To find an agency's GTFS file, visit transitfeeds.com. You can use the URL from the agency's website or you can use a URL generated from the transitfeeds.com API along with your API token.

{
  "agencies": [
    {
      "agency_key": "county-connection",
      "url": "http://cccta.org/GTFS/google_transit.zip"
    }
  ]
}
{
  "agencies": [
    {
      "agency_key": "myAgency",
      "path": "/path/to/the/gtfs.zip"
    }
  ]
}
{
  "agencies": [
    {
      "agency_key": "myAgency",
      "path": "/path/to/the/unzipped/gtfs/"
    }
  ]
}
{
  "agencies": [
    {
      "agency_key": "myAgency",
      "path": "/path/to/the/unzipped/gtfs/",
      "exclude": [
        "shapes",
        "stops"
      ]
    }
  ]
}

beautify

{Boolean} Whether or not to beautify the HTML output. Defaults to false.

"beautify": false

chartDate

{String} The date to use for generating charts in YYYYMMDD format. Charts will be for service on this date. Defaults to today's date.

"chartDate": "20200505"

templatePath

{String} Path to a folder containing (pug)[https://pugjs.org/] template for rendering charts. This is optional. Defaults to using the templates provided in views/chart. All files within the /views/custom folder will be .gitignored, so you can copy the views/chart folder to views/custom/myagency and make any modifications needed. Any custom views folder should conatain pug templates called chart_page.pug and overview_page.pug.
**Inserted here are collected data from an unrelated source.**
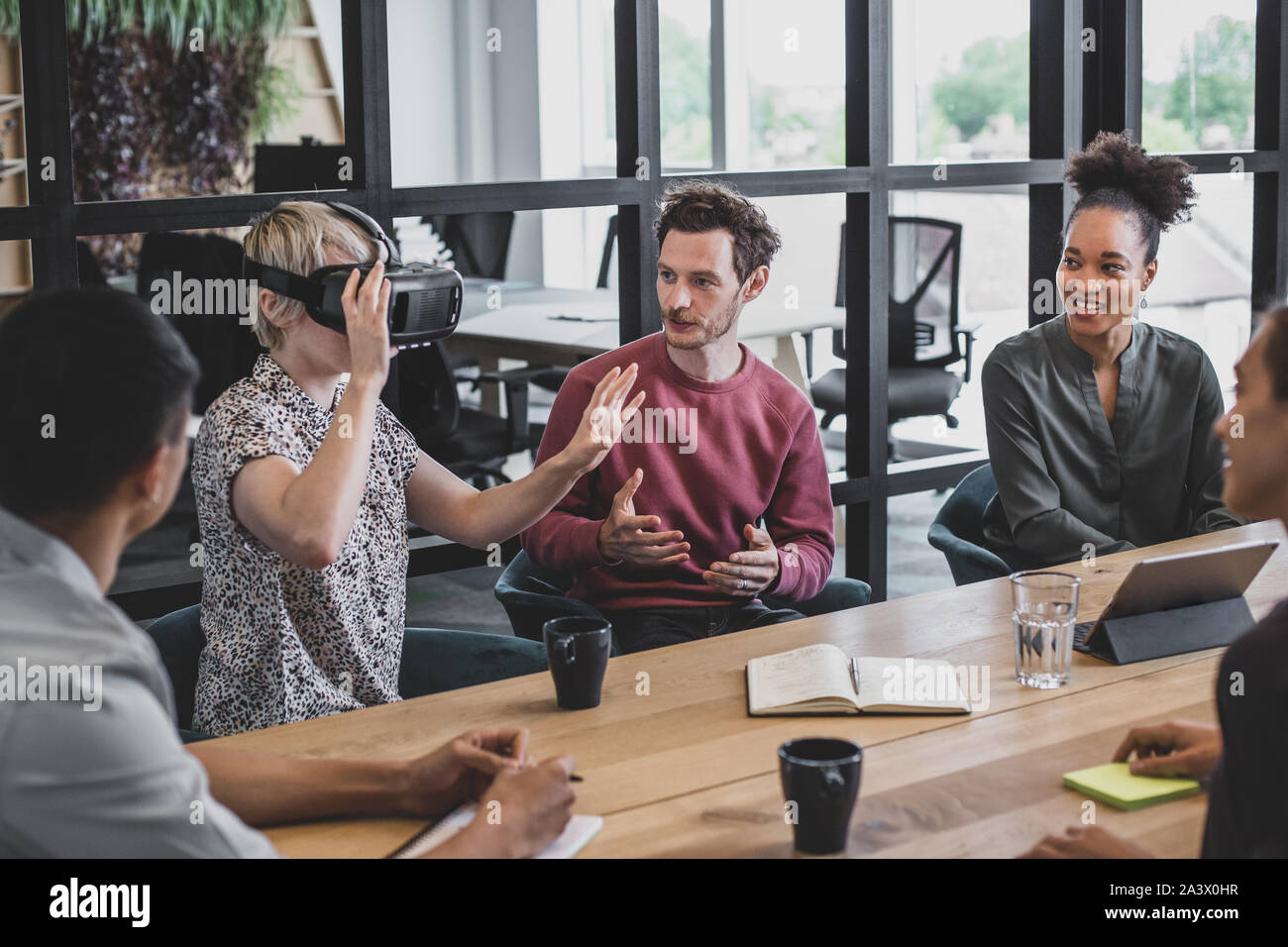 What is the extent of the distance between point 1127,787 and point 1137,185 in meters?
1.75

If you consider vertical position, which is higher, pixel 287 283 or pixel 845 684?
pixel 287 283

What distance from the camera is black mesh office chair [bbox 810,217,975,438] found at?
550cm

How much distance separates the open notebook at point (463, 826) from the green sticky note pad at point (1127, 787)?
0.51 metres

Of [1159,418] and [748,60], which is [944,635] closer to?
[1159,418]

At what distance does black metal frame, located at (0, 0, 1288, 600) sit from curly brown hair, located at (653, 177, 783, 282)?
25cm

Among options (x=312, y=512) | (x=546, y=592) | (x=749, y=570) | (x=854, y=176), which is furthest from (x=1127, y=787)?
(x=854, y=176)

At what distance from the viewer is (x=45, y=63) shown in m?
2.21

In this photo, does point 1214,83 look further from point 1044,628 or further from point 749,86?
point 1044,628

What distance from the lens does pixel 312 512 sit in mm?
1797

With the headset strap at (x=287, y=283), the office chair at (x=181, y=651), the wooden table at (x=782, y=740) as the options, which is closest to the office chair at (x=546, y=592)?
the wooden table at (x=782, y=740)

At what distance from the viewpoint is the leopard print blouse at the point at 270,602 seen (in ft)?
6.25

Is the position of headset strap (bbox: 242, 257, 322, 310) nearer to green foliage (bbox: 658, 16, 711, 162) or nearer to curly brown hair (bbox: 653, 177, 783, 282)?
curly brown hair (bbox: 653, 177, 783, 282)

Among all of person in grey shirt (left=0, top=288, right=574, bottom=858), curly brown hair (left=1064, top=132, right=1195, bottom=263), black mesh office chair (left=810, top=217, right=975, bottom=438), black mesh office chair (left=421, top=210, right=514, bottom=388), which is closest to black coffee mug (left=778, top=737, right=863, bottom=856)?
person in grey shirt (left=0, top=288, right=574, bottom=858) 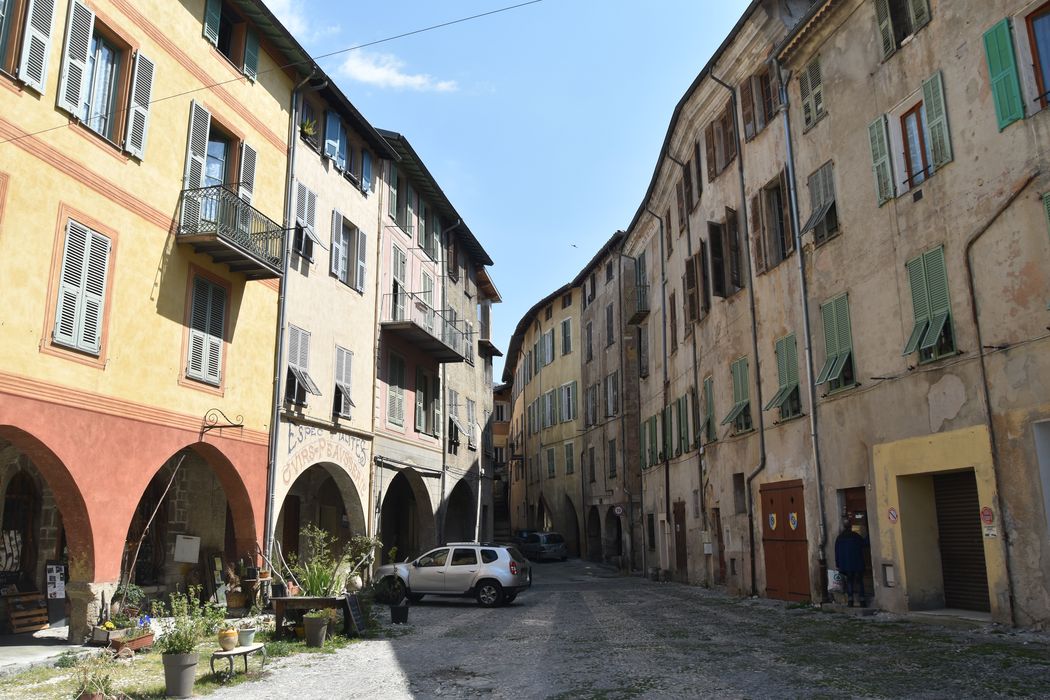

"templatePath": "views/custom/my-agency/"

Running

To generate charts, run gtfs-to-chart.

gtfs-to-chart

By default, gtfs-to-chart will look for a config.json file in the project root. To specify a different path for the configuration file:

gtfs-to-chart --configPath /path/to/your/custom-config.json

This will download the GTFS file specified in config.js . Then, gtfs-to-chart will build the HTML charts and save them in charts/:agency_key.

Options

configPath

Allows specifying a configuration json file. Defaults to config.json in the current directory.

gtfs-to-chart --configPath /path/to/your/custom-config.json

skipImport

Skips importing GTFS into SQLite. Useful if you are rerunning with an unchanged GTFS file. If you use this option and the GTFS file hasn't been imported, you'll get an error.

gtfs-to-chart --skipImport

Processing very large GTFS files.

By default, node has a memory limit of 512 MB or 1 GB. Use the max-old-space-size option. For example to allocate 2 GB:

node --max-old-space-size=2000 /usr/local/bin/gtfs-to-chart

Contributing

Pull requests are welcome, as is feedback and reporting issues.